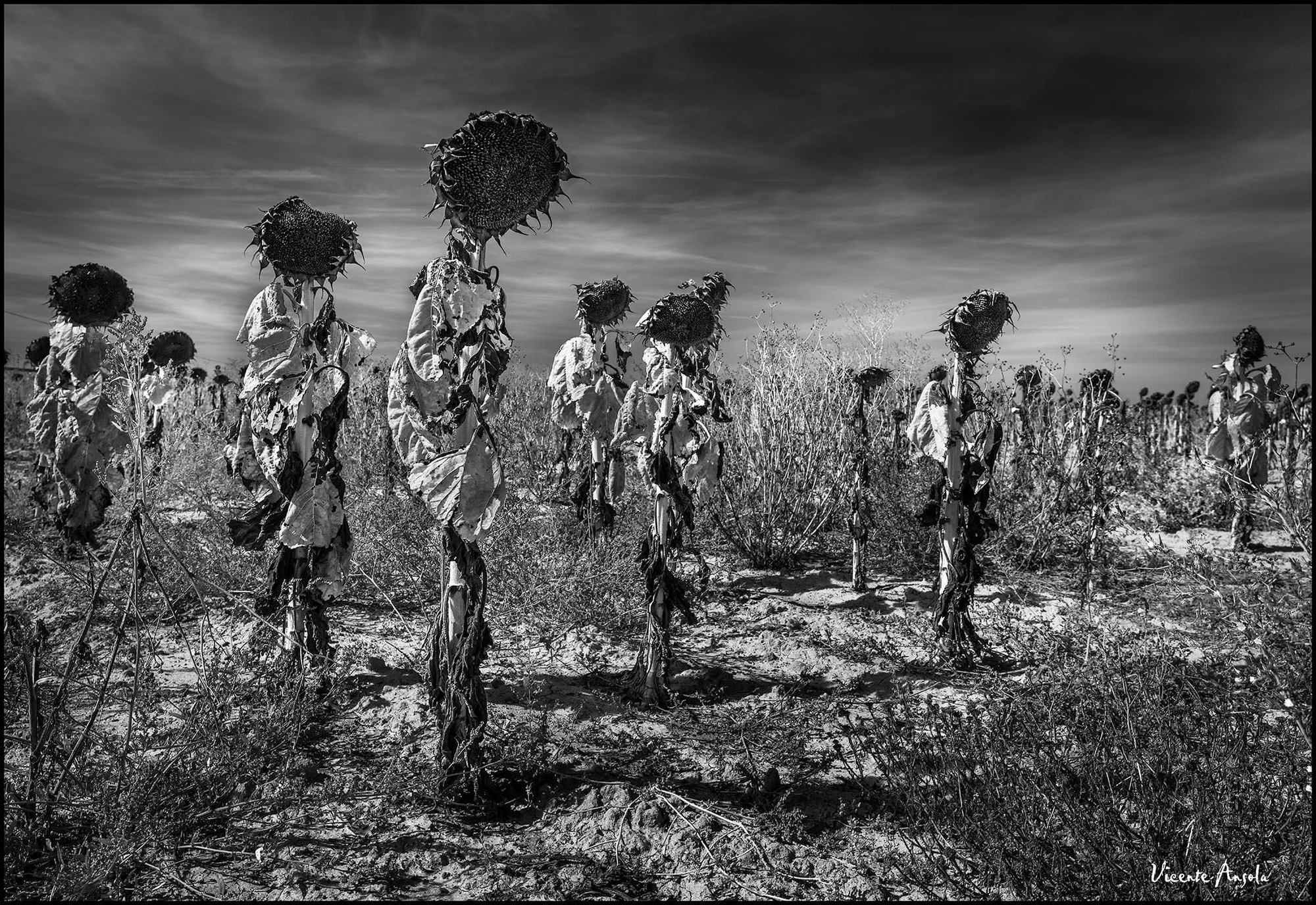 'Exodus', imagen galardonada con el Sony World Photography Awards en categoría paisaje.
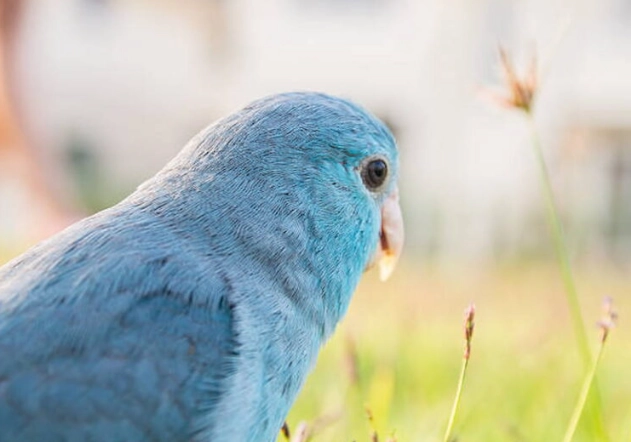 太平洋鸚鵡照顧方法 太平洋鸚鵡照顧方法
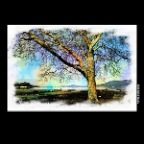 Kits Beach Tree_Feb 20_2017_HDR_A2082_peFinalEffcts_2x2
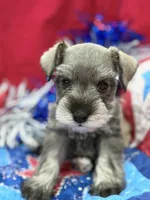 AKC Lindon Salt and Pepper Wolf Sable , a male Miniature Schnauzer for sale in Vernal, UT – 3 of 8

·····

Please copy the data shown above precisely, leaving the images out.

● **Solution**:
 'Exodus', imagen galardonada con el Sony World Photography Awards en categoría paisaje.
 太平洋鸚鵡照顧方法 太平洋鸚鵡照顧方法
 Kits Beach Tree_Feb 20_2017_HDR_A2082_peFinalEffcts_2x2
 AKC Lindon Salt and Pepper Wolf Sable , a male Miniature Schnauzer for sale in Vernal, UT – 3 of 8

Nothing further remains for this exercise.